I am a Data analyst at Carrefour Kenya and currently undertaking a project that will inform the marketing department on the most relevant marketing strategies that will result in the hughest number of sales (total price including tax). I’ll explore a recent marketing dataset by performing various unsupervised learning techniques and later providing recommendations based on your insights. I will be checking whether there are any anomalies in the sales dataset, with the objective being fraud detection.
A sales dataset has been provided to perform dimensionality reduction on. We first begin with loading and previewing the dataset at
Install the anomalize and tibbletime package
install.packages("anomalize")
## Installing package into '/home/binti/R/x86_64-pc-linux-gnu-library/4.1'
## (as 'lib' is unspecified)
install.packages("tibbletime")
## Installing package into '/home/binti/R/x86_64-pc-linux-gnu-library/4.1'
## (as 'lib' is unspecified)
Let’s load the libraries we’ll need for this task.
library(tidyverse)
## ── Attaching packages ─────────────────────────────────────── tidyverse 1.3.1 ──
## ✔ ggplot2 3.3.6 ✔ purrr 0.3.4
## ✔ tibble 3.1.7 ✔ dplyr 1.0.9
## ✔ tidyr 1.2.0 ✔ stringr 1.4.0
## ✔ readr 2.1.2 ✔ forcats 0.5.1
## ── Conflicts ────────────────────────────────────────── tidyverse_conflicts() ──
## ✖ dplyr::filter() masks stats::filter()

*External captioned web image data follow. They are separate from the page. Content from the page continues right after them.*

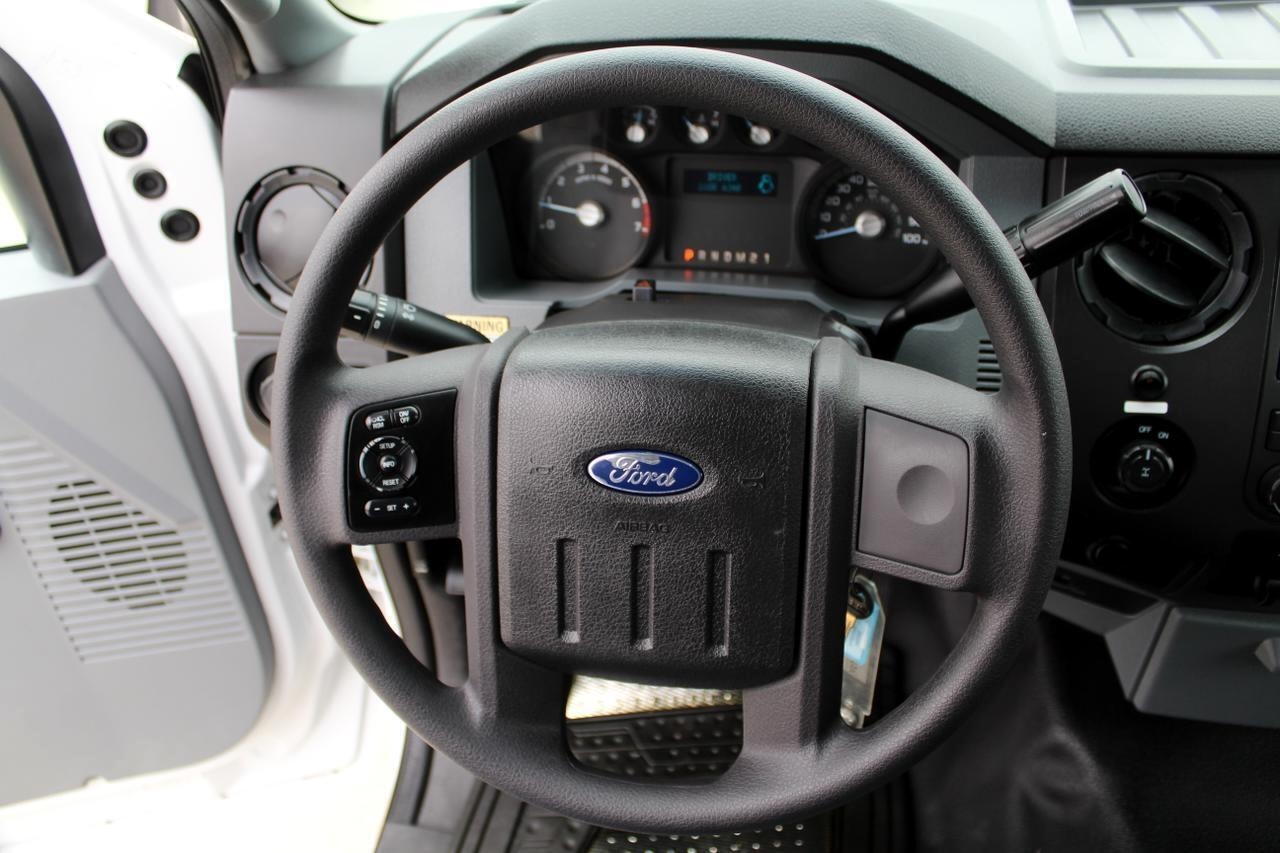 Ford F-350 SD  2013 Ford F-350 SD  2013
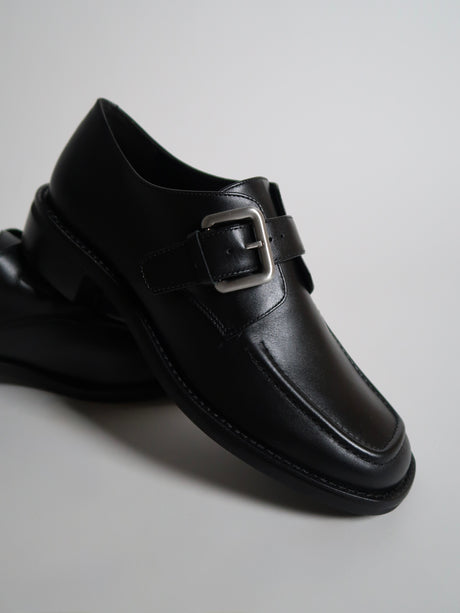 Capsule - Riven Black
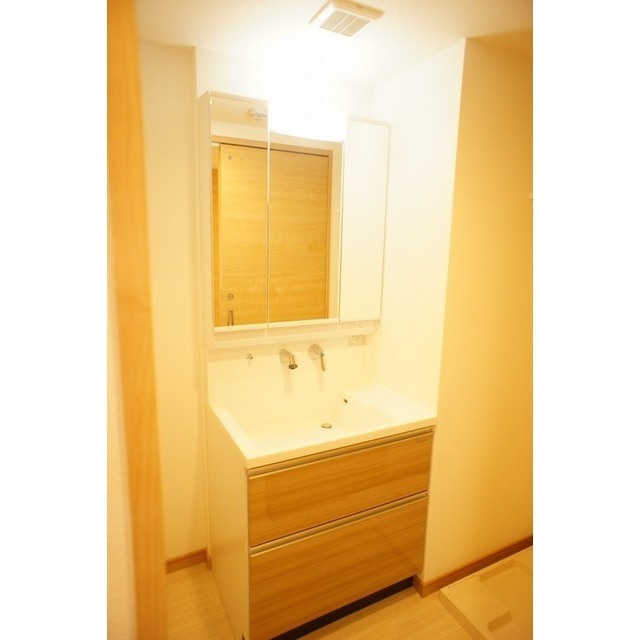 洗面設備　弊社は都内全域の物件をご紹介可能です！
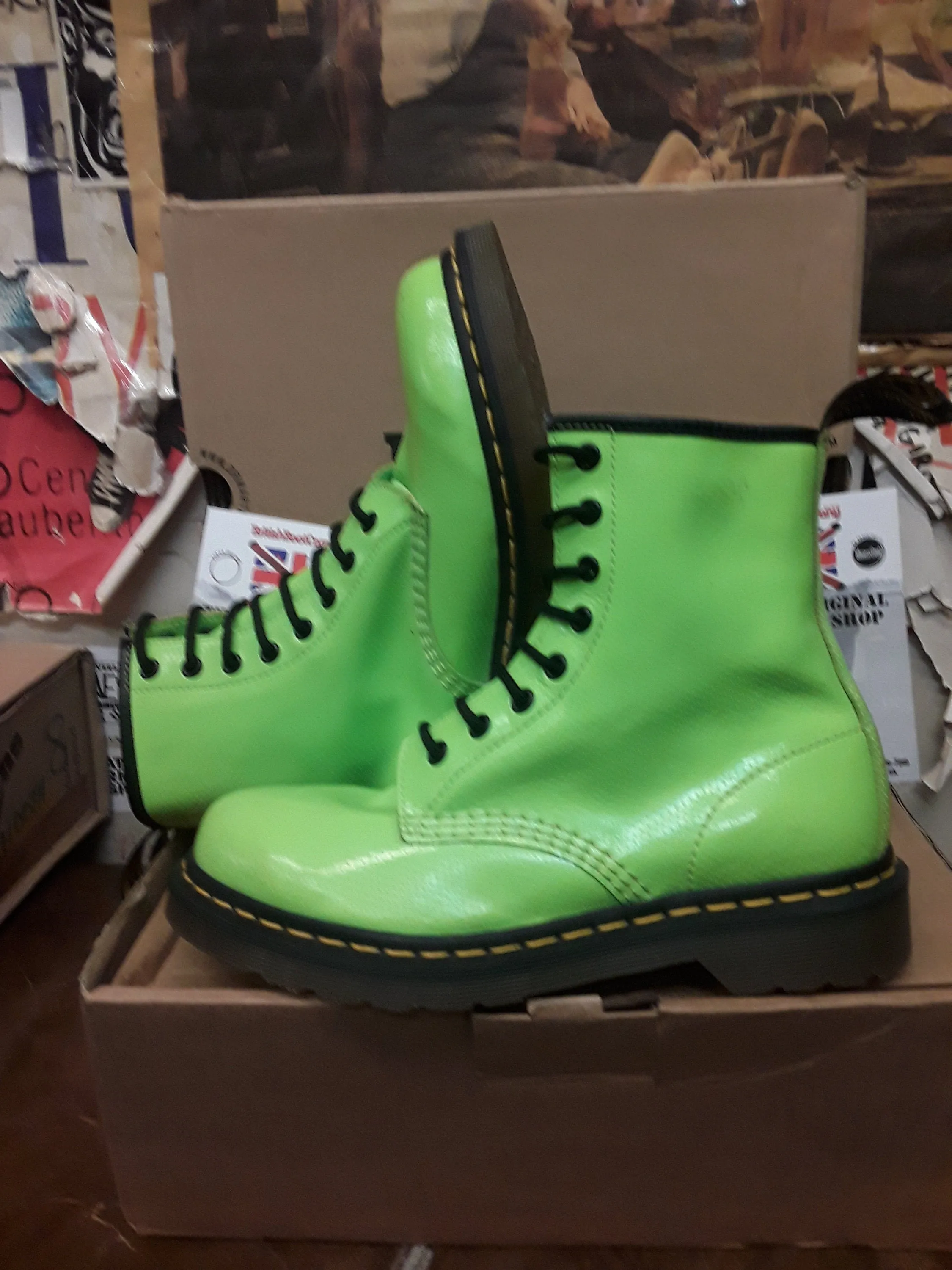 Dr Martens 1460 Lime QQ Dot Size 7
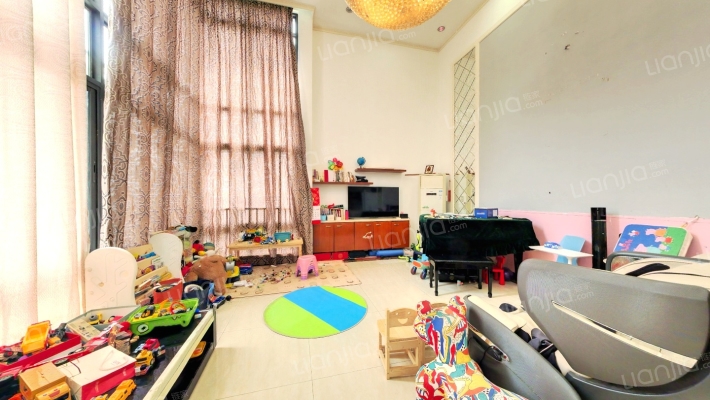 万科城二手房实景图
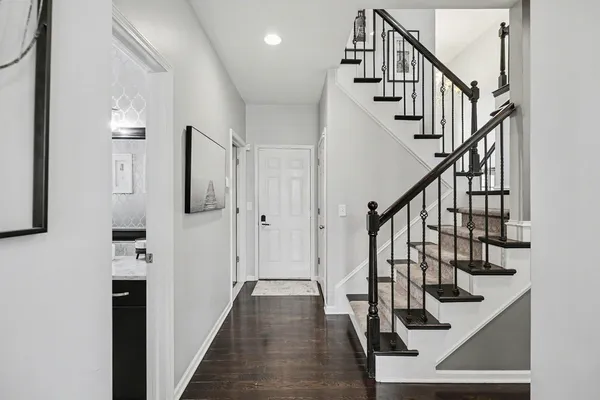 $629,000 | 6714 Haymarket, Utica, MI 48317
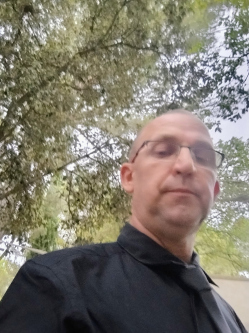 Janos, 49 �ves t�rskeres� f�rfi, Provence-Alpes-Cote d Azur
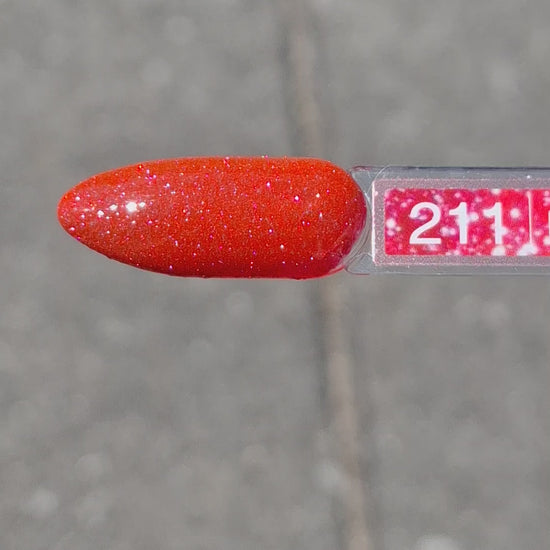Quida Gelpolish 211 Love On Mars - vurig tomaatrood met zilverglitter gelpolish aangebracht op nagels in het zonlicht, 15ml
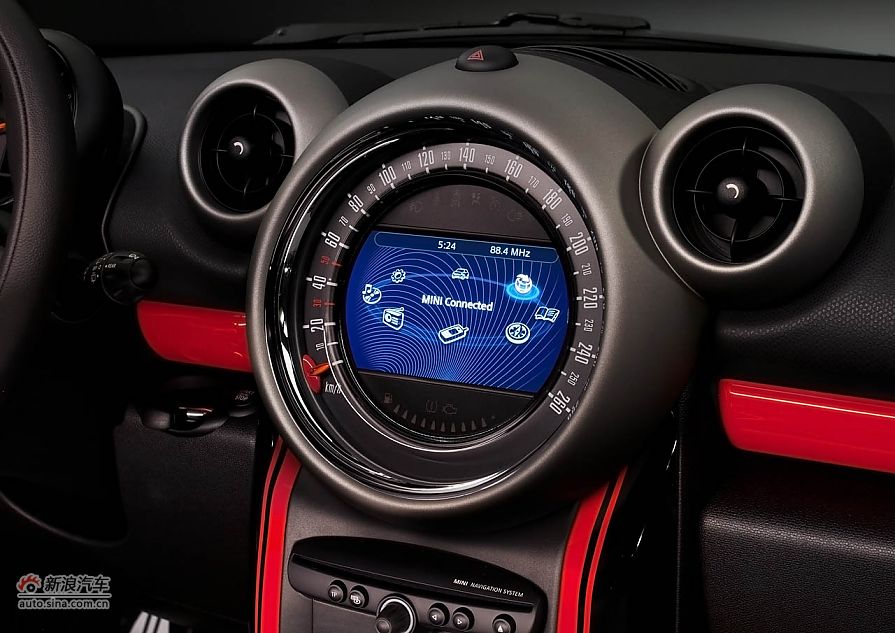 2013MINI JCW COUNTRYMAN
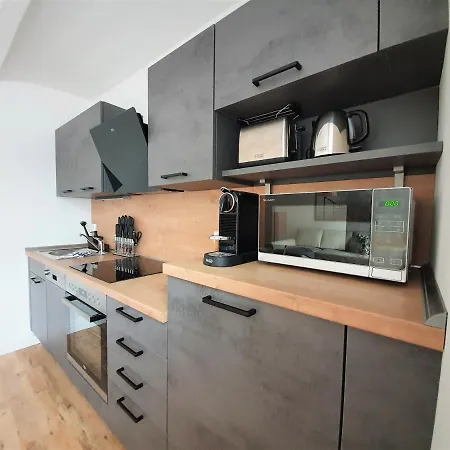 Pb - 1 - Stilvoll Eingerichtetes Im Herzen Senftenbergs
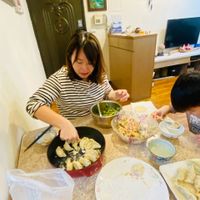 可能是 2 個人和火鍋的圖像
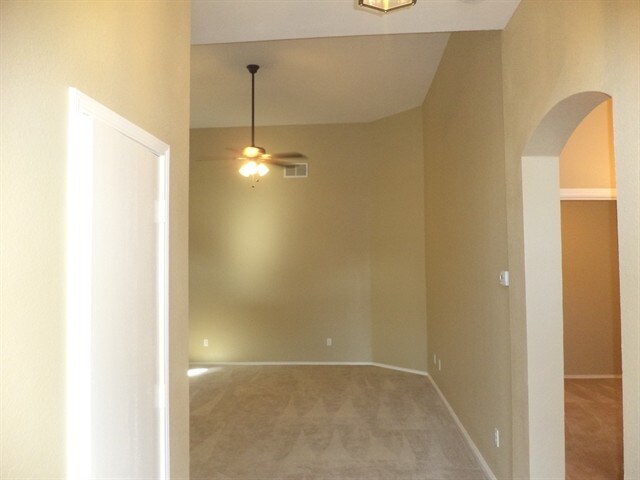 Building Photo - 9904 Henna Lane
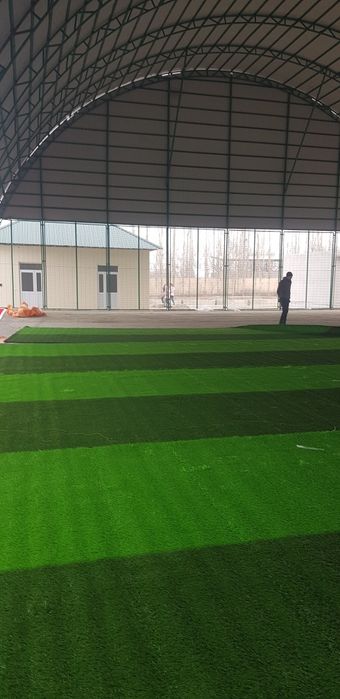 Suniy gazon sotiladi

## ✖ dplyr::lag() masks stats::lag()
library(anomalize)
## ══ Use anomalize to improve your Forecasts by 50%! ═════════════════════════════
## Business Science offers a 1-hour course - Lab #18: Time Series Anomaly Detection!
## </> Learn more at: https://university.business-science.io/p/learning-labs-pro </>
Loading the tibbletime and dplyr library.
library(tibbletime)
##
## Attaching package: 'tibbletime'
## The following object is masked from 'package:stats':
##
## filter
library(dplyr)
sales <- read.csv("http://bit.ly/CarreFourSalesDataset")
sales$Date <- as.Date(sales$Date, format ="%m/%d/%Y")
sales$Date <- sort(sales$Date, decreasing = FALSE)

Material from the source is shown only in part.